PartialOrd a => Semigroup (Favorites a) Source #

Favorites forms a Monoid under empty and 'union.

Instance details

Defined in Agda.Utils.Favorites

Methods

(<>) :: Favorites a -> Favorites a -> Favorites a #

sconcat :: NonEmpty (Favorites a) -> Favorites a #

stimes :: Integral b => b -> Favorites a -> Favorites a #

Show a => Show (Favorites a) Source # 
Instance details

Defined in Agda.Utils.Favorites

Ord a => Eq (Favorites a) Source #

Equality checking is a bit expensive, since we need to sort! Maybe use a Set of favorites in the first place?

Instance details

Defined in Agda.Utils.Favorites

Methods

(==) :: Favorites a -> Favorites a -> Bool #

(/=) :: Favorites a -> Favorites a -> Bool #

data CompareResult a Source #

Result of comparing a candidate with the current favorites.

Constructors

Dominates

Great, you are dominating a possibly (empty list of favorites) but there is also a rest that is not dominated. If null dominated, then notDominated is necessarily the complete list of favorites.

Fields

IsDominated

Sorry, but you are dominated by that favorite.

Fields

compareWithFavorites :: PartialOrd a => a -> Favorites a -> CompareResult a Source #

Gosh, got some pretty a here, compare with my current favorites! Discard it if there is already one that is better or equal. (Skewed conservatively: faithful to the old favorites.) If there is no match for it, add it, and dispose of all that are worse than a.

We require a partial ordering. Less is better! (Maybe paradoxically.)

compareFavorites :: PartialOrd a => Favorites a -> Favorites a -> (Favorites a, Favorites a) Source #

Compare a new set of favorites to an old one and discard the new favorites that are dominated by the old ones and vice verse. (Skewed conservatively: faithful to the old favorites.)

compareFavorites new old = (new', old')

insertCompared :: a -> Favorites a -> CompareResult a -> Favorites a Source #

After comparing, do the actual insertion.

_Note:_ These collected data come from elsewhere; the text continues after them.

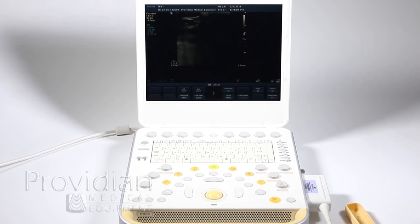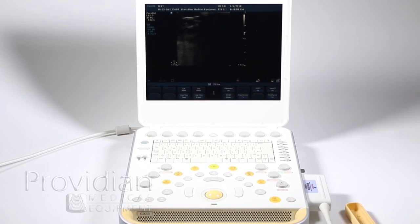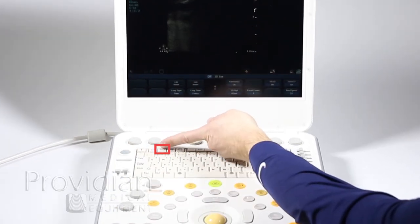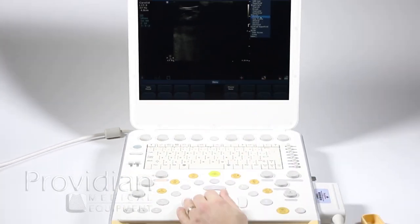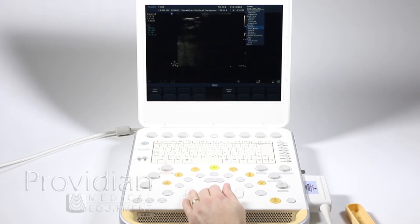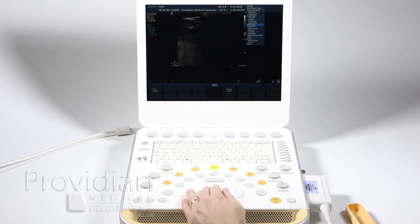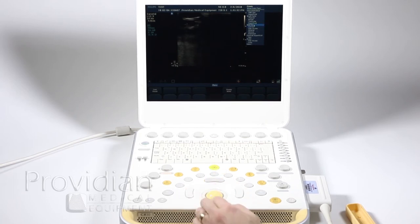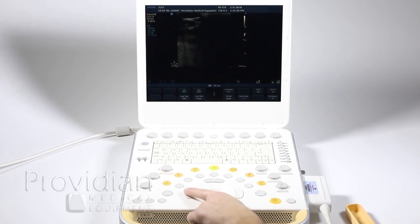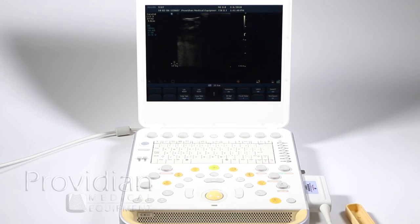Now that you have your patient ID entered, you're first going to want to select your probe preset. These are imaging presets — it looks like two folders or a folder and a piece of paper. You click that and get all these selections. These presets optimize the image including depth, focal zones, dynamic range, and gray maps for what you're trying to do. I'll select carotid and hit the set key, and it will begin my carotid exam.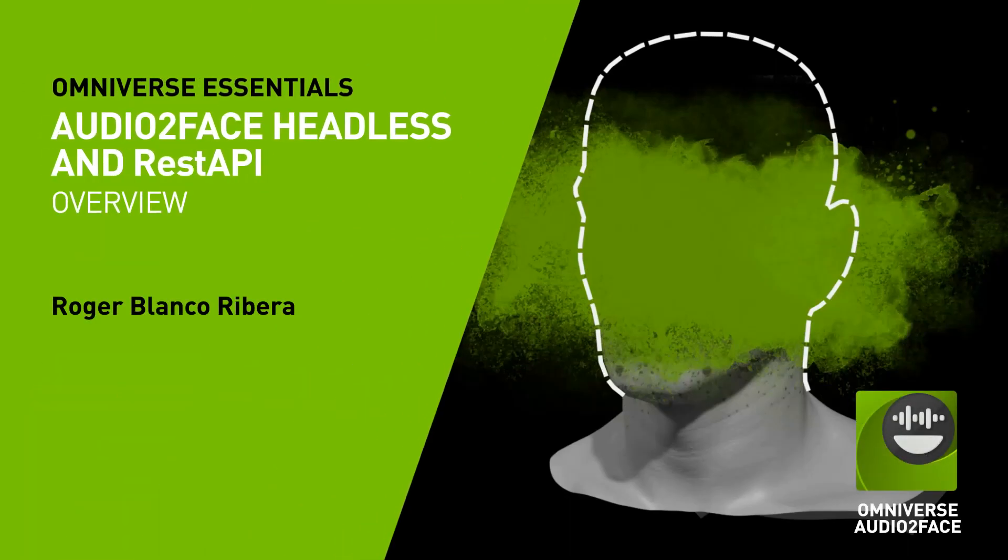Hi and welcome. In this video we will overview the new Audio2Face service feature introduced in the 2022.2 release.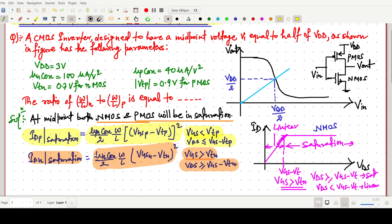Now we need to think about the μp·Cox·(W/L)_P and (W/L)_N terms. It is better to set it up for P because we need to find (W/L)_N divided by (W/L)_P, which is the required ratio. When both transistors are in saturation, the same current flows from supply to drain to ground.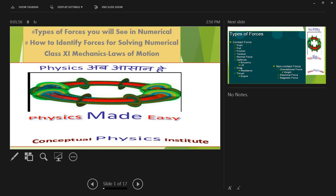Good morning, good afternoon, good night, namaskar, adab, sashriya kaal. Dostohon, aapka is video series lecture, class 11th, Mechanics, Law of Motion mein swagat hai. I welcome all the students today in this video lecture series for class 11th, Mechanics, Law of Motion.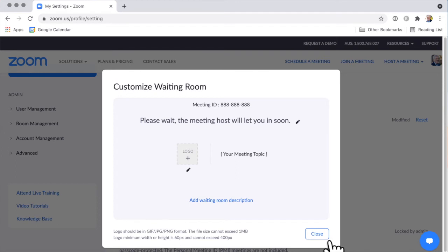They may be in the waiting room just for a few seconds before you admit them, or they may be there a little bit longer. One thing a lot of people ask is: when I'm in the waiting room, can the host see me and hear me? The answer is no. The host can just see that you are in the waiting room, but you won't actually go on camera until you get admitted into the call itself. Others in the waiting room can't see you, and the host can't see you on camera.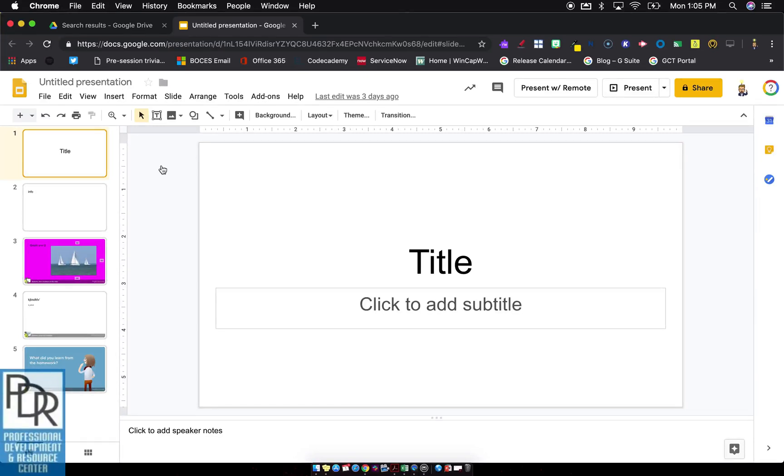Hi, everyone. Rick Bray with BT BOCES instructional support. In this video, I'd like to show you how you can remotely control a Pear Deck slideshow from another device.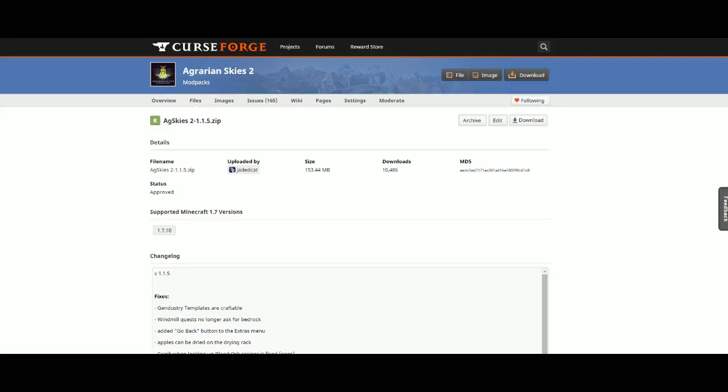I keep getting a lot of questions asking about exactly how to use the server files you get for AgSkies.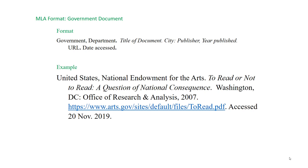MLA does not always require the URL, but most instructors prefer the URL in the citation. MLA does require the date accessed as the last element of the citation, which closes with a period.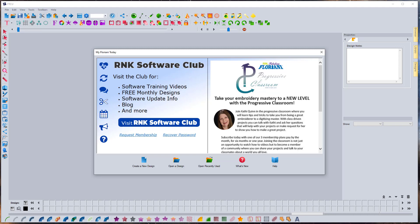Hey everybody, it's Brad with another Floriani Total Control U video. The first thing I want to talk about today is an error that cropped up in the last class I taught, where I was showing how to use the auto-digitizing wizard. Some people had Windows 11 PCs, and one of the steps I had them do didn't work because Windows 11 has changed the way the Paint program works, which is one of the steps I use with the auto-digitizing wizard.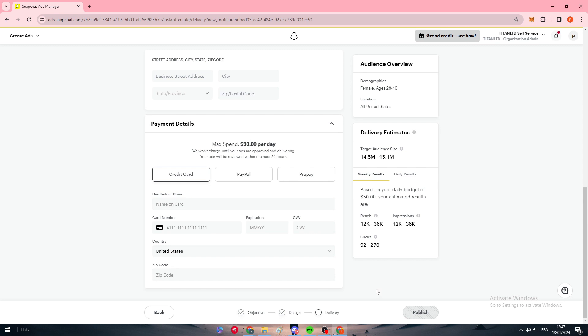Finally, put the funds and simply put the payment method and then publish it. That's basically it. So yeah guys, that was it for today's video. I hope you enjoyed it and see you guys in the next tutorial.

insert :: PartialOrd a => a -> Favorites a -> Favorites a Source #

Compare, then insert accordingly. insert a l = insertCompared a l (compareWithFavorites a l)

union :: PartialOrd a => Favorites a -> Favorites a -> Favorites a Source #

Insert all the favorites from the first list into the second.

fromList :: PartialOrd a => [a] -> Favorites a Source #

Construct favorites from elements of a partial order. The result depends on the order of the list if it contains equal elements, since earlier seen elements are favored over later seen equals. The first element of the list is seen first.